The first step is to ensure that there is something for your child to do to keep them occupied. This does not have to be expensive, although one option is to install an in-car DVD player which clearly can be. We did buy a DVD player, but it was a portable one rather than one that is fitted into the car. This meant that we use it for long journeys (driving over an hour), but we do not use this for the shorter drives which are also a major concern. It's worth having one of these to help with the boredom of long journeys anyway.
For shorter journeys / a cheaper solution then the child's usual books and toys are useful. The thing to avoid are toys that are likely to get dropped on the floor and perhaps avoid favourite toys that may be a large distraction if they fall on the floor. It's also worth having some toys handy (e.g. on the passenger seat), these can be passed to the child if they drop the toys they are playing with.
As well as giving the child something to do it's important to remove any distractions. This can include things such as window blinds that the child may see as something to play with, or toys that stick to the windows.
New car seat
The last and most expensive thing that I did was to replace the car seat. It was a large decision to spend £150 on a new car seat. I'd already made the decision that it was worth spending that amount of money, but my concern was to spend £150, for it to not actually improve the situation. Fortunately it turned out that the car seat did make a large difference in this area.

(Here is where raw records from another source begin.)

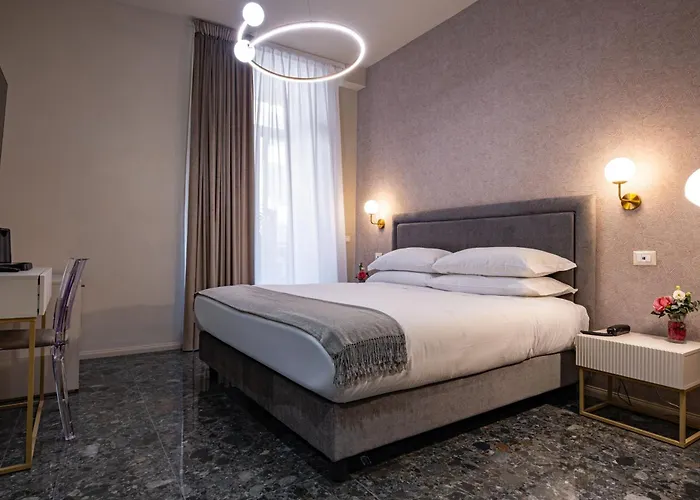 Roma Suite Hotel 3*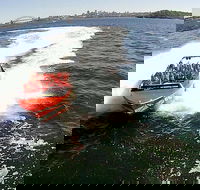 Sydney Harbour Jet Boat Thrill Ride 30 Minutes - Accommodation Port Macquarie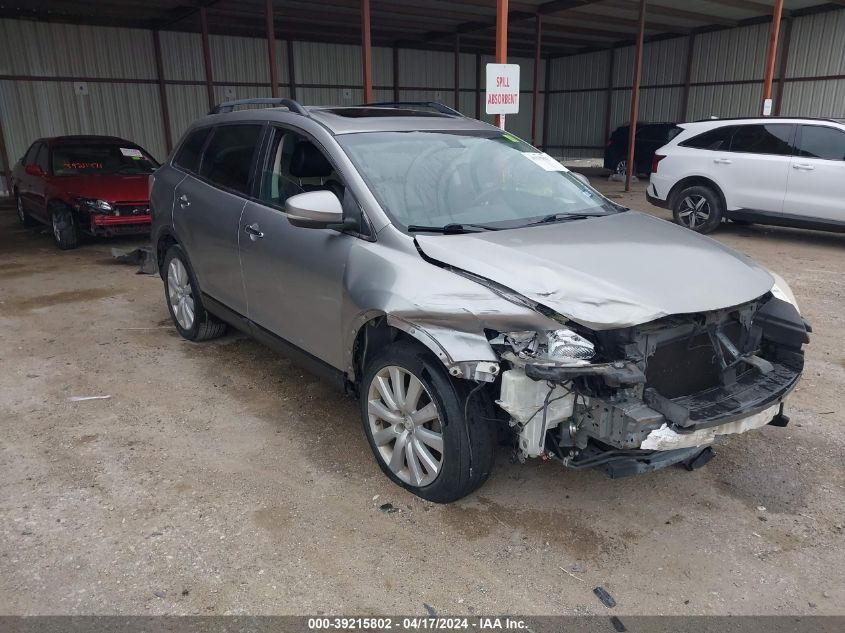 2010 MAZDA CX-9 GRAND TOURING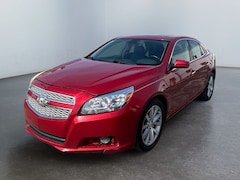 2013 Chevrolet Malibu LTZ Sedan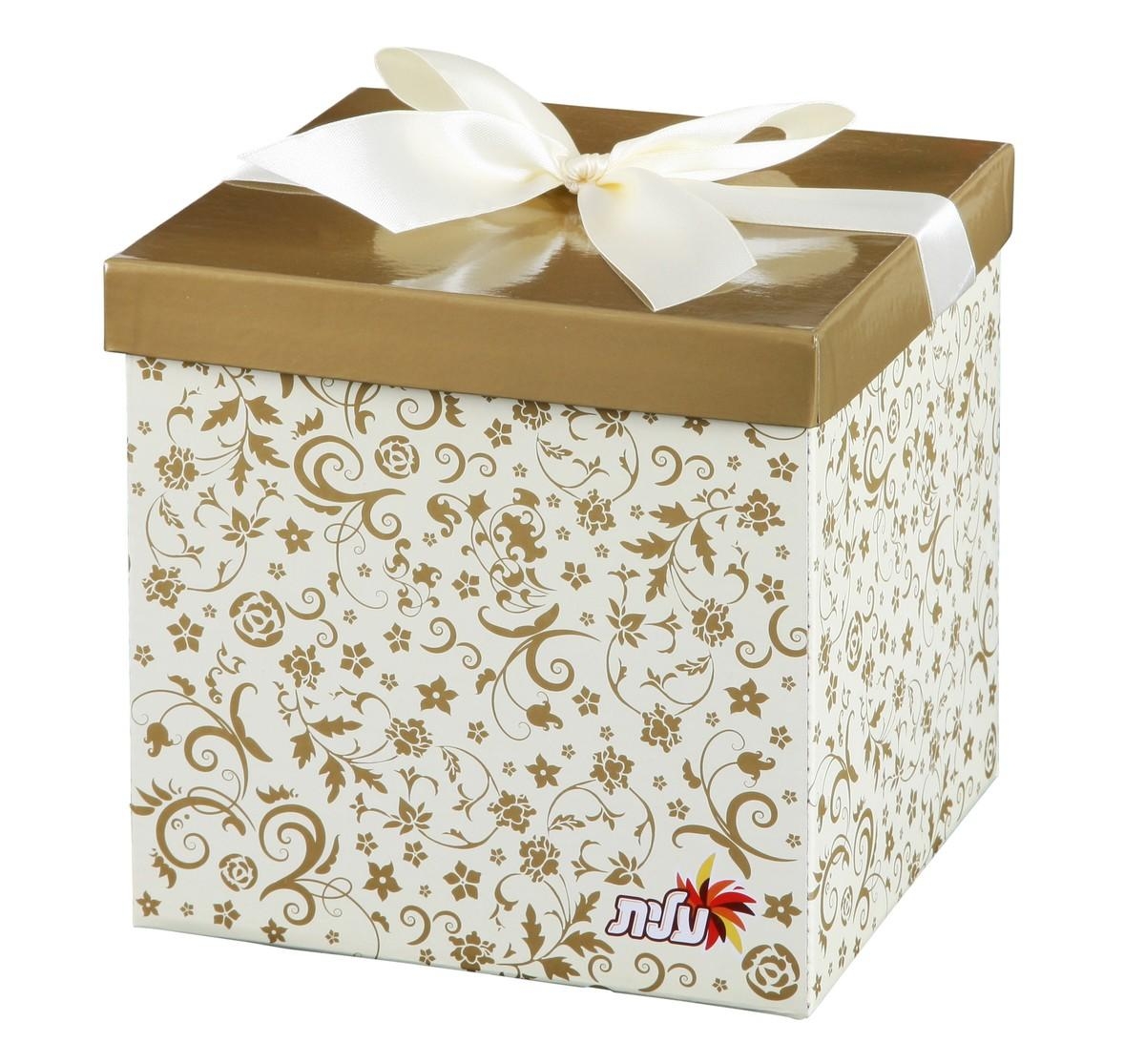 Sweet Box Gift Basket - 1
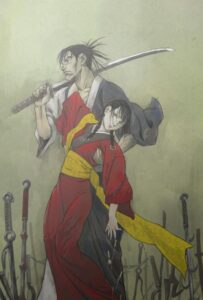 Клинок бессмертного Смотреть Все Сезоны на Русском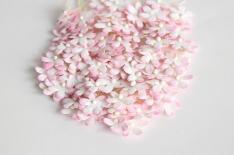 Tiny flowers - White / Pink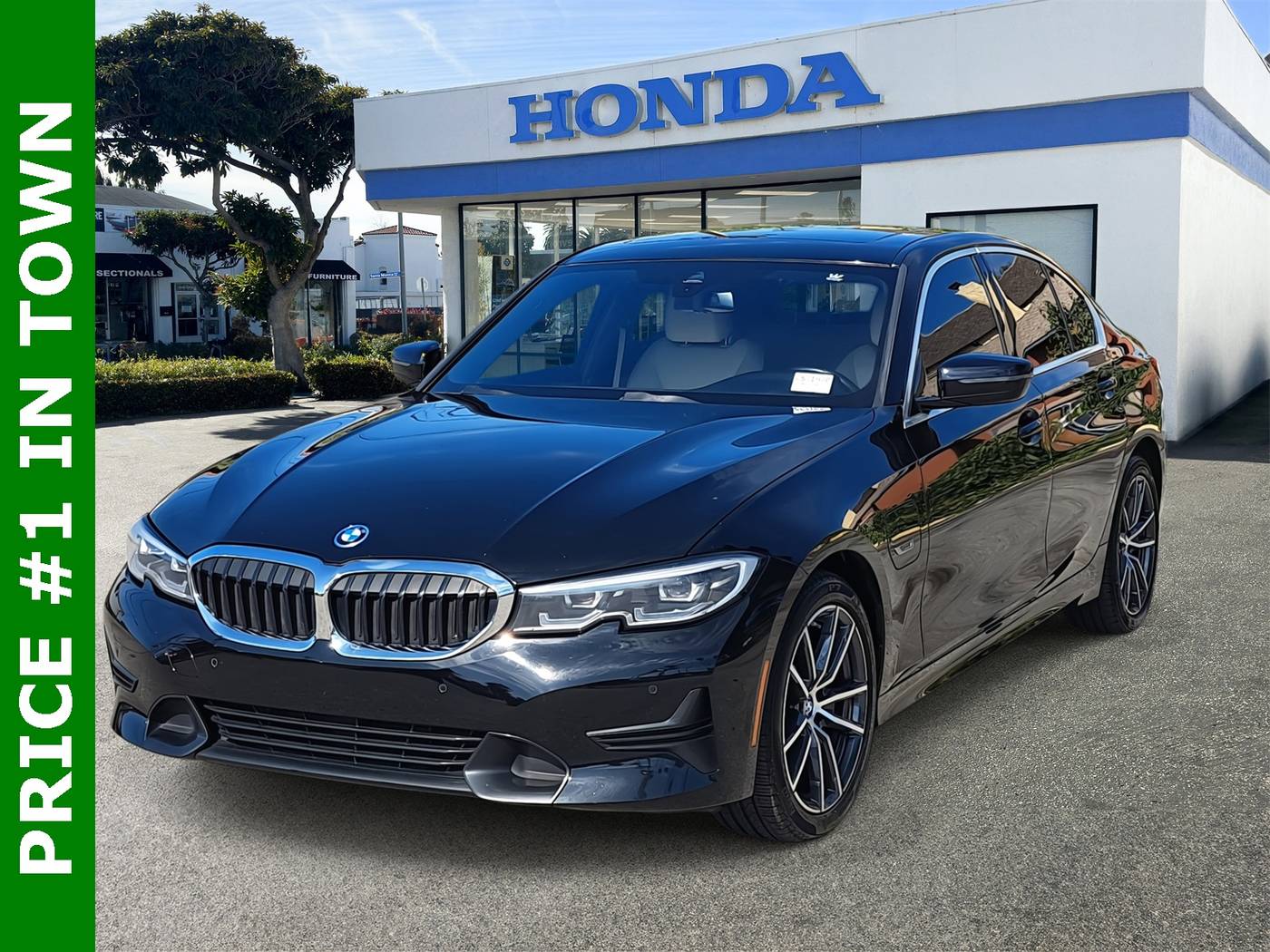 2022 BMW 3 Series 330e — Sedan — 64,033 mi — Santa Monica, CA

We had spent some time in a local store looking at the different car seats to see how the straps fitted and whether we thought that it would improve the situation. We chose the Maxi-Cosi Tobi car seat. Although this is quite expensive the price was reflected in the build quality of the seat and the strap is far more secure than the one we had previously. It is still possible for her to get her arms out if she tries really hard, but used in conjunction with the other steps meant that she ultimately found it wasn't worth the effort (see also found it uncomfortable when her arms were out).
I don't think that any of the steps on their own were enough to stop a child from escaping, but using them all together achieved my goal. In fact it worked so well that subsequently she went into seats that should could have escaped from and she didn't even try. She's now a bit older and has moved into a 3 year plus car seat using the normal car seat without any problems.
The money spent was worthwhile and we are now happy with the safety of our child when travelling in the car.